◆ ABOUT THIS EXERCISE
Beneath this task are the entries; from the line with "Berkfield Storage Cabinet" through the last one, transcribe every line exactly and nothing else, skipping pictures.
Segment Start: MATERIAL SUPPLIED
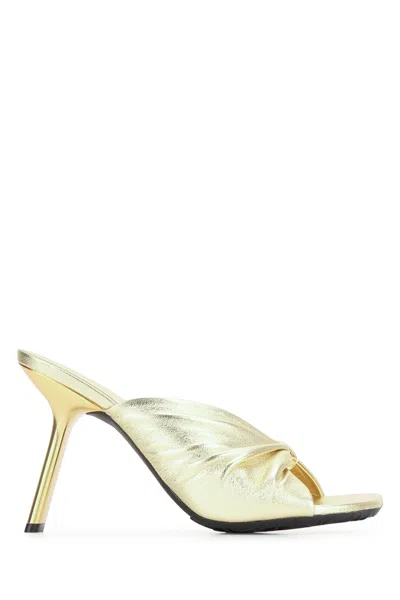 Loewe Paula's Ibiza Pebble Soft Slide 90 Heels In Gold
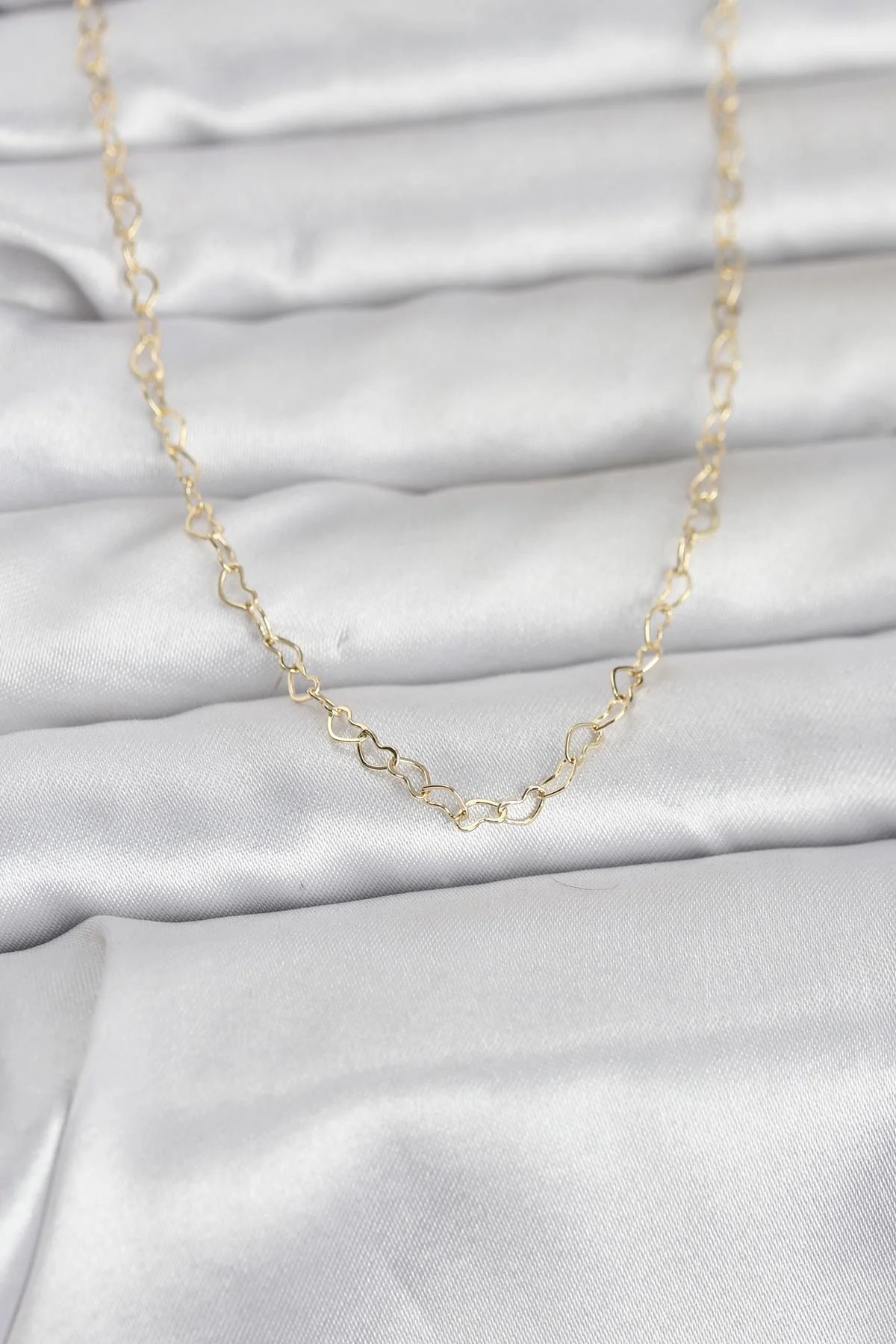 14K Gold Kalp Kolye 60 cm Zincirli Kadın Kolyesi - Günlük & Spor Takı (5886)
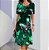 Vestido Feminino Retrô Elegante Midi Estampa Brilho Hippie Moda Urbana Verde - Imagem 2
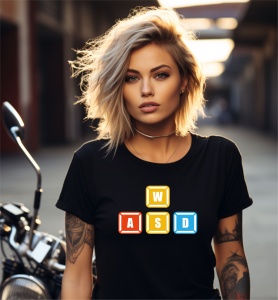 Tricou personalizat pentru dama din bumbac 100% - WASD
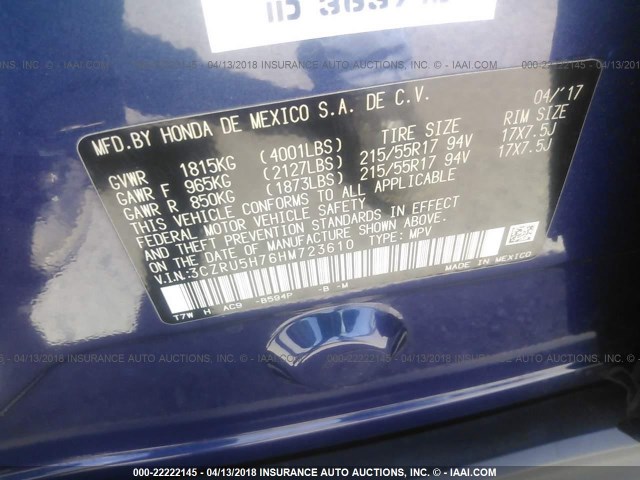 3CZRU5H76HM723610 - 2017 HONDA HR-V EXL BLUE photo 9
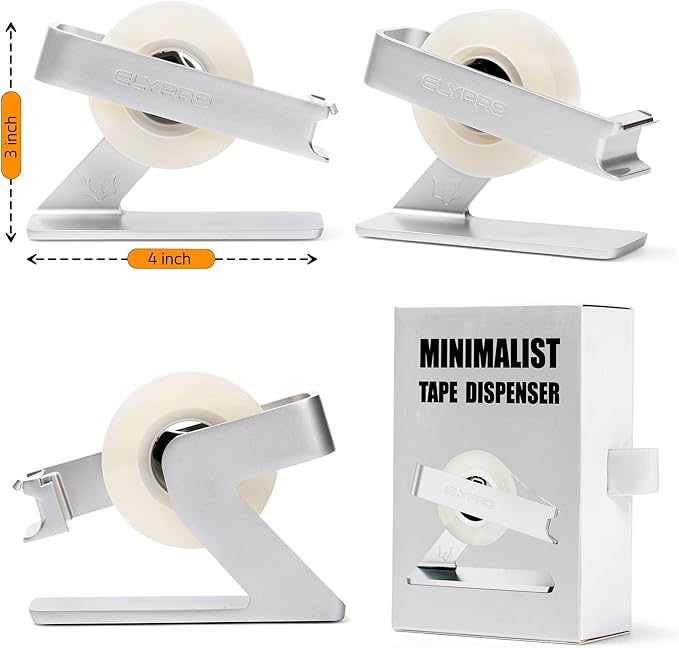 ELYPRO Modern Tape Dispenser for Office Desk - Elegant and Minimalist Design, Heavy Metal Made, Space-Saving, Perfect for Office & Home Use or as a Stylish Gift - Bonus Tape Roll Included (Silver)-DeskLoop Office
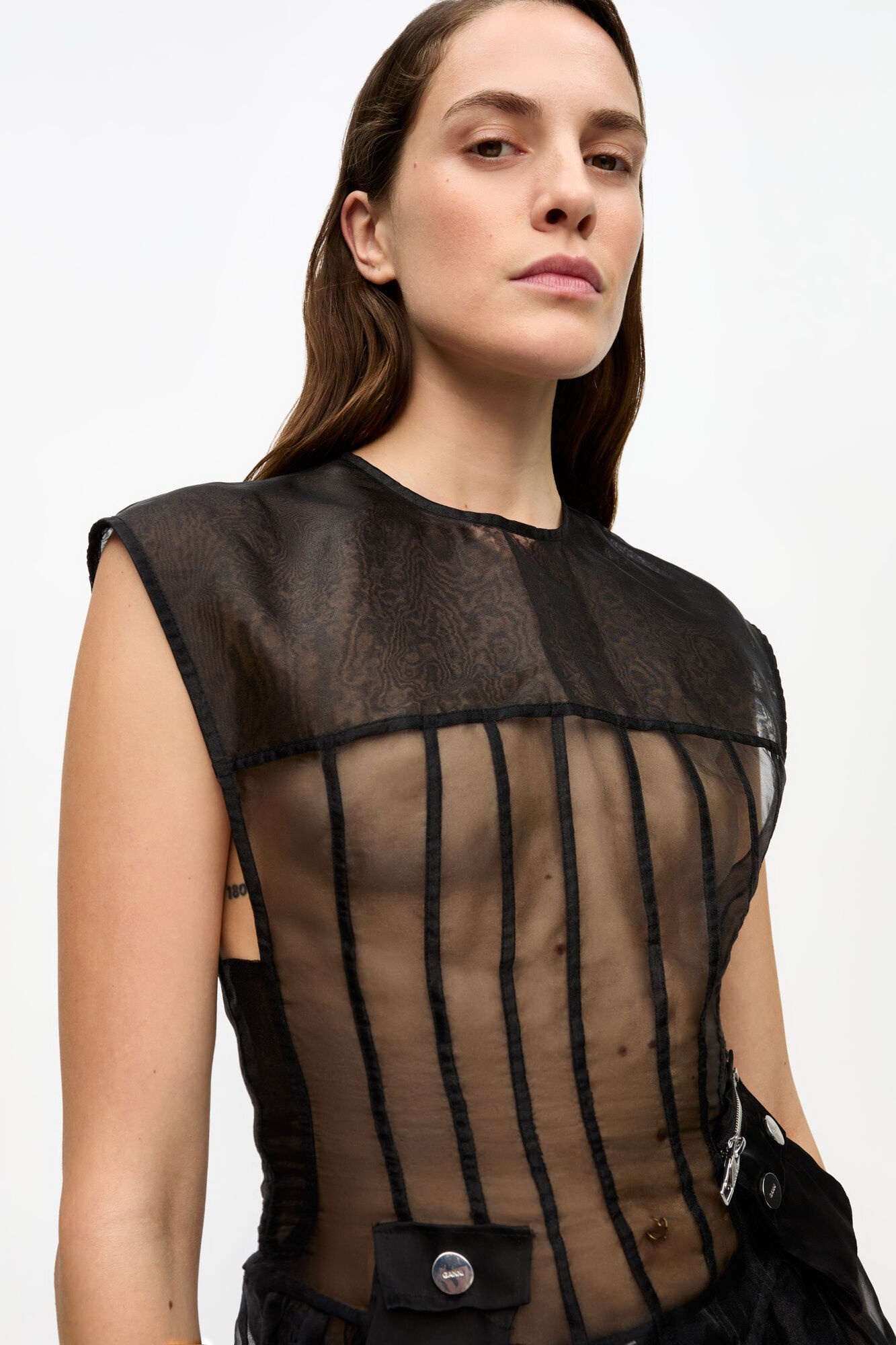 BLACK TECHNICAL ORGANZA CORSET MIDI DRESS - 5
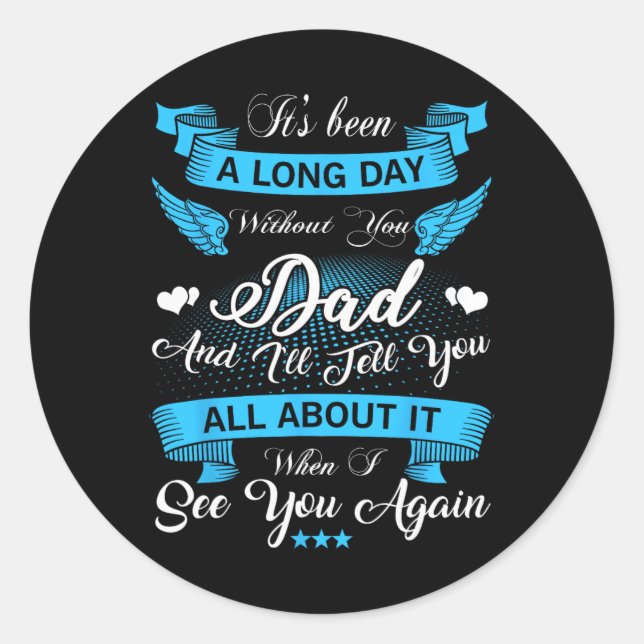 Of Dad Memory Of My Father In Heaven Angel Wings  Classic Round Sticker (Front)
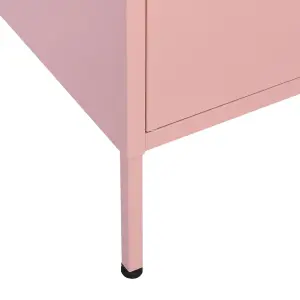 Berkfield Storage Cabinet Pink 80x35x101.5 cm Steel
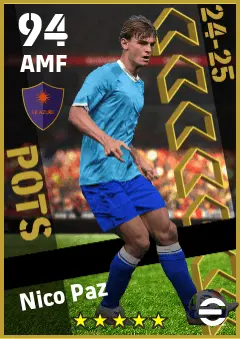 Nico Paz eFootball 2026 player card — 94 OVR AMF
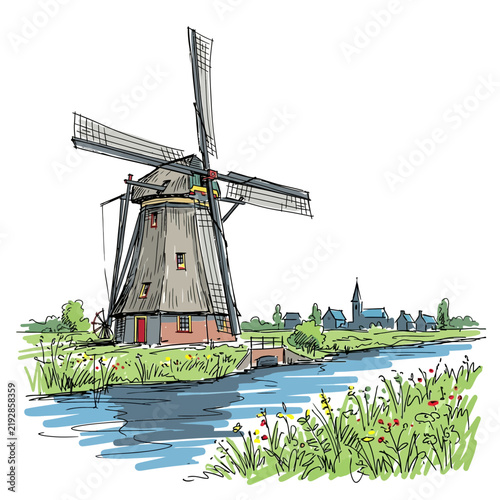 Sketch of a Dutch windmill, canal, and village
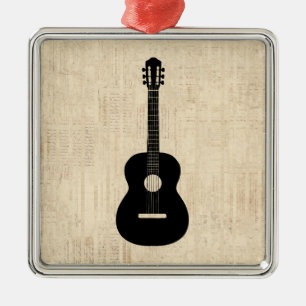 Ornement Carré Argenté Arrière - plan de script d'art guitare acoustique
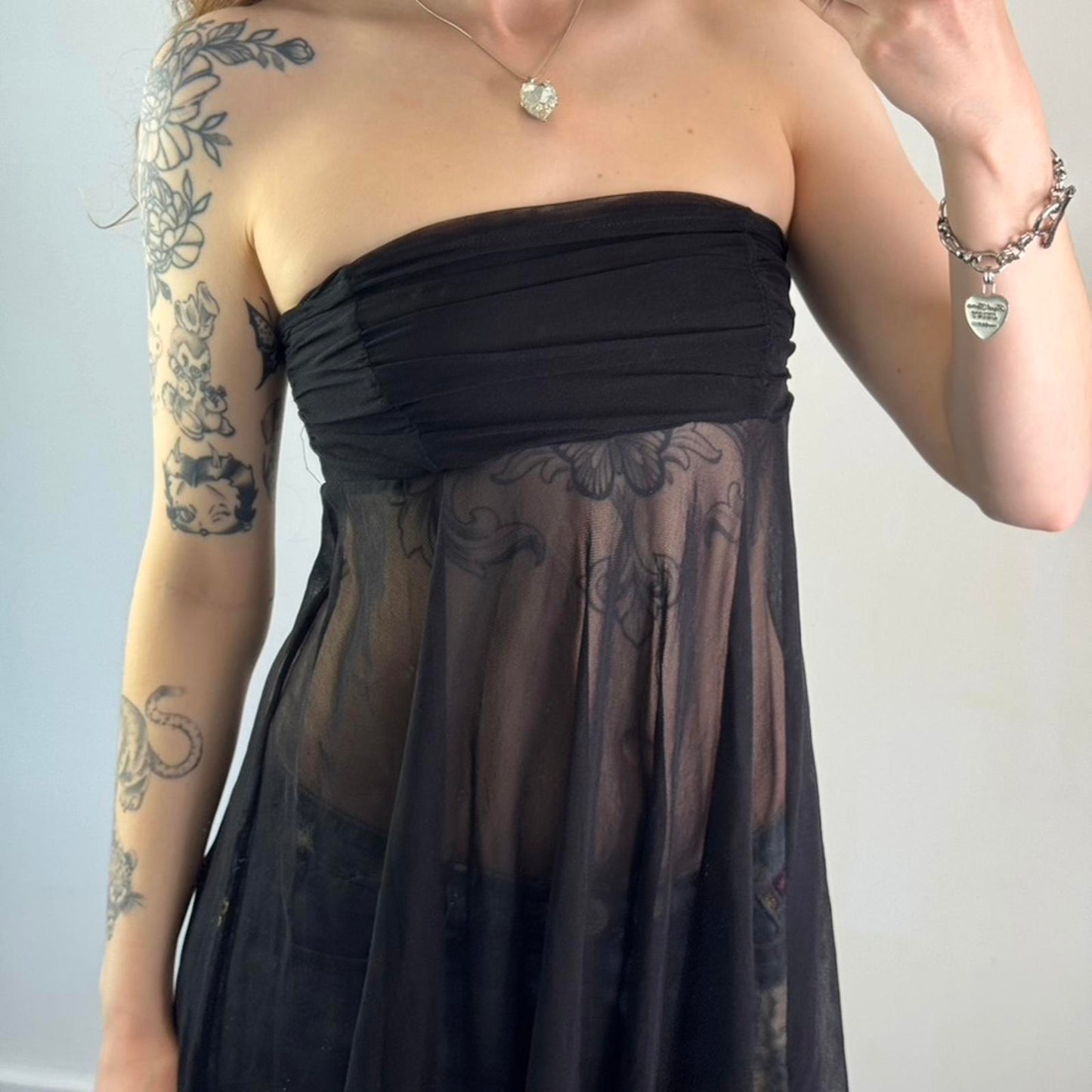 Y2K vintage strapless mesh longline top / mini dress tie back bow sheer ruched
Segment End: MATERIAL SUPPLIED
◆ RESULT OF THE TASK
 Berkfield Storage Cabinet Pink 80x35x101.5 cm Steel
 Nico Paz eFootball 2026 player card — 94 OVR AMF
 Sketch of a Dutch windmill, canal, and village
 Ornement Carré Argenté Arrière - plan de script d'art guitare acoustique
 Y2K vintage strapless mesh longline top / mini dress tie back bow sheer ruched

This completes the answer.